The time is the first half of the 16th century, a very tumultuous period in the history of European Christianity. At the heart of the novel lie the events that engulfed Europe after Martin Luther nailed his 95 theses on the door Wittenburg Cathedral on All Souls Day, 1517. The consequences of Luther’s Reformation spread far beyond matters spiritual. The German princes saw in Luther’s defiance an opportunity to attack the dominance of Rome and the Holy Roman Emperor. Luther’s religious message — all men were equal in the eyes of God and therefore did not need priests as intermediaries — had a wide popular appeal. Peasants found in the message a strength to attack their oppressors, princes and priests. Luther, in a remarkable turnaround, supported the princes. Thus began the reformation within the Reformation, and the peasant war in Germany in 1525.

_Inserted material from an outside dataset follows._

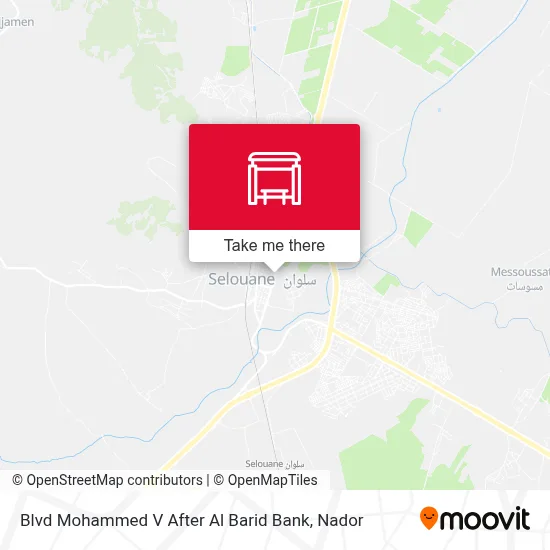 Blvd Mohammed V After Al Barid Bank map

The novel is situated within the peasant war when religious sects of all kinds flourished and prohibited books were printed and smuggled. The principal narrator is a close associate of Thomas Muntzer who fought next to him and saw him die. Quite understandably, the novel is woven around an insider’s version of the peasant uprising. The descriptions are graphic and have the ring of truth.

The narrator is pursued by the spy of the Vatican, Q. The reports that Q sends back to his master forms the other strand of the novel. Q hunts his quarry, the narrator, through many lives and from the heart of Germany to Antwerp to Venice and to the marshes of the Po valley. The spy’s identity is revealed late in the novel and he becomes the narrator’s ally in an attempt to thwart a devious plot hatched by one of the cardinals.

The novel is fascinating in its details and for its evocation of life, at various levels of society, in early modern Europe. The religious debates are brought to life as is the world of the great bankers, the Fuggers, who had a finger in every important pie in the 16th century.

Umberto Eco made fashionable the detective thriller which is also an exploration of the world of medieval ideas. The authors of Q bring to the battle of ideas, the dimension of violent action. The context of the peasant war and the Inquisition demanded this. The writing, despite the details, is fast, and the research impeccable. But the book makes demands on the reader. A familiarity with the world of the Reformation is a necessary pre-condition for the complete enjoyment.